Imagine you are trying to bake the perfect cake, but you are working in a brand-new, high-tech kitchen (the Huawei Ascend NPU) that no one has ever used before.
In the old, popular kitchen (the NVIDIA GPU), there are thousands of recipe books, cooking shows, and expert chefs to help you. If you want to bake a cake, you can just look up a recipe, tweak it, and you're good to go.
But in this new kitchen, there are no recipe books. The instructions are written in a strange, complex language, and if you get the timing or the ingredient placement even slightly wrong, the oven explodes (the code fails to compile). This is the "knowledge bottleneck" the paper talks about.
Enter AscendOptimizer, a smart, self-teaching robot chef designed to solve this problem without needing a human expert or a massive library of old recipes.
Here is how it works, broken down into simple steps:
1. The Two-Part Cake (The Problem)
Making a high-performance operator on this chip isn't just about the cooking (the math); it's about two things working together:
- The Delivery Driver (Host-side Tiling): This decides how to chop the ingredients into small, manageable chunks and move them from the pantry to the counter. If the chunks are too big, the counter gets cluttered. If they are too small, the driver wastes time walking back and forth.
- The Chef (Device-side Kernel): This is the actual cooking. It decides how to chop, mix, and bake the ingredients efficiently.
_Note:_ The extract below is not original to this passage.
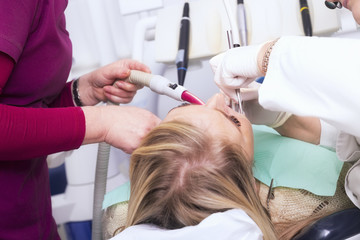Dentist examine patient's teeth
The problem is that these two are coupled. You can't just fix the delivery driver without checking if the chef can handle the new chunks, and vice versa.
2. The Robot's Strategy: A Two-Step Dance
Since the robot can't look up a recipe, it has to invent one through trial and error, but it does so very smartly using two different tricks.
Step 1: The "Evolutionary" Guessing Game (Optimizing the Delivery)
The robot starts with a basic plan for moving ingredients. It then tries thousands of tiny variations: "What if I move 10% more? What if I move them in a zig-zag?"
- The Magic: It doesn't just guess; it tests every guess on the real hardware immediately.
- The Filter: If a guess causes the oven to explode (compile error) or the cake to burn (wrong math), it instantly throws that idea away.
- The Result: Over time, the robot "evolves" a delivery plan that is perfectly tuned to the physical limits of this specific kitchen, finding the fastest way to move data without crashing the system.
Step 2: The "Rewind" Trick (Optimizing the Cooking)
This is the cleverest part. The robot needs to learn how to cook better, but it has no "Good vs. Bad" examples to study. So, it creates its own examples!
- The Rewind: The robot takes a "good" piece of code it has already found and deliberately breaks it. It removes a shortcut, slows down a process, or makes the code messy.
- The Lesson: Now it has a "Bad" version and a "Good" version. It asks its AI brain: "What exactly did I change to make this slow? How do I fix it?"
- The Library: It writes down these "Bad-to-Good" fixes in a notebook (an Experience Bank).
- The Application: When it encounters a new, slow operator, it looks at the problem, checks its notebook, and says, "Ah, this looks like that time I broke the mixing speed. I know how to fix it!" It then applies that fix.
3. The Loop: Dancing Together
The robot doesn't just do Step 1 then Step 2 once. It dances between them:
- It tweaks the Delivery to make the ingredients arrive faster.
- It tweaks the Cooking to make the processing faster.
- It checks the results. If the new cooking style needs different delivery chunks, it goes back to Step 1.
- It keeps switching back and forth, slowly refining the whole process until it hits the speed limit of the hardware.
The Results
The researchers tested this robot on 127 real-world tasks.
- The Baseline: The standard, open-source code (the "average chef").
- The Result: AscendOptimizer made the code run 1.19 times faster on average.
- The Wow Factor: For nearly half of the tasks, it was significantly faster, with some tasks running 2x faster or more.
Why This Matters
Before this, if you wanted to write fast code for Huawei's chips, you needed a rare, expensive human expert who knew all the secrets. Now, this "episodic agent" (the robot) can bootstrap its own expertise. It learns by doing, by breaking things on purpose to understand how to fix them, and by constantly testing on the real hardware.
It's like teaching a robot to drive a Formula 1 car on a track it's never seen before, not by giving it a manual, but by letting it crash a few times, learn from the crashes, and then drive faster than any human could without a manual.